Most people don’t know that I grew up figure skating in Wisconsin. That’s right, before I was a runner and a skier, I figure skated year round! One of my most vivid memories from this time is being curled up in the fetal position on a picnic table with mittens on my feet and hands crying as my numb digits rewarmed. I’ve had startlingly cold hands for as long as can remember, so much so that my brothers tease me by saying, “Cold hands, Cold heart!” However, when I joined our high-school cross-country team, I noticed a teammate who would don mittens if the temperature dipped below 60 degrees Fahrenheit. I knew immediately that I did not have the coldest hands on the team. My cross-country teammate had what I now know is Raynaud’s phenomenon, something I’ve also learned that approximately one out of every five of my female friends deals with–hold on, I promise the science is going to support me here!
So, what is Raynaud’s phenomenon? What can you do about it? And what about other cold-extremities issues such as cold injuries, the screaming barfies, and more? We’re addressing these questions in the rest of this article. While it’s definitely a niche topic, I hope it’s informative and maybe it’ll spare a few of us from acquiring the “cold hands, cold heart” moniker.
What is Raynaud’s Phenomenon?
Raynaud’s phenomenon (RP) was first described by Maurice Raynaud in 1862 as a vascular (circulation) issue that often happens with exposure to moderate cold but still “seemingly without reason” (1). During these episodes, a person’s fingers become bloodless, numb, and whitish yellow in color (2).

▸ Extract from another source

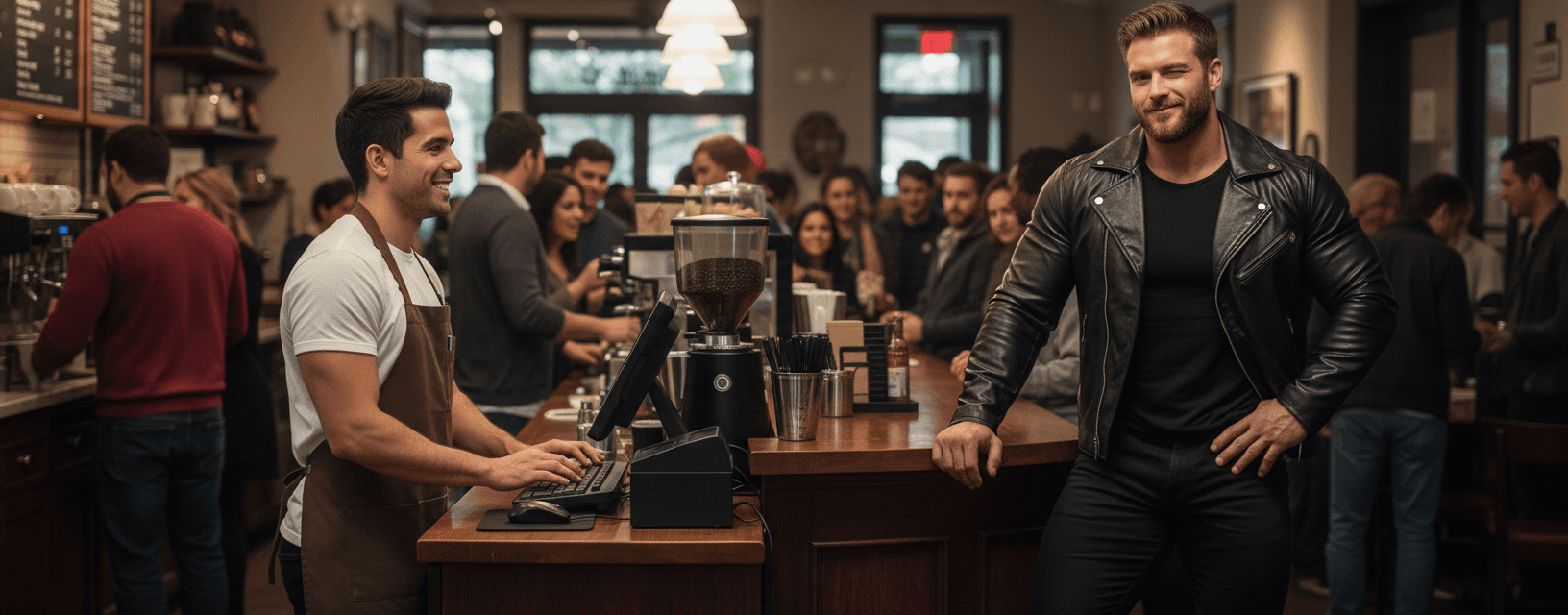 AI generated: Male Hispanic barista 5' 1" tall, at a coffee shop behind the counter typing on the computer-registe...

It took another 70 years for the etiological underpinnings of RP to become more apparent and universal diagnosis criteria to be formed. We now understand that Raynaud’s is most commonly seen with a marked biphasic or triphasic change in skin color (white to blue and sometimes to red) of the fingers (the thumb is often spared) (2). The white pallor is related to initial vasospasm/vasoconstriction (narrowing) of the blood vessels feeding the fingers, and the blue is from lack of oxygen to the tissue. If the fingers of a RP sufferer turn red, it is linked with the reperfusion (return of blood flow) which can sometimes also cause pain and tingling (2).
Vasoconstriction can be totally normal and is used frequently to help us with thermoregulation. As your core body temperature drops, peripheral (hands, feet, nose, ears, and more) vasoconstriction helps maintain your core body temperature. Likewise, when we get really warm, vasodilation sends more blood to our skin’s surface and “pushes” heat into the atmosphere around us. What makes RP an abnormal kind of vasoconstriction is that it can happen at considerably warmer temperatures and can even be triggered by stress. The medical community considers RP to be an overreaction or hypersensitivity.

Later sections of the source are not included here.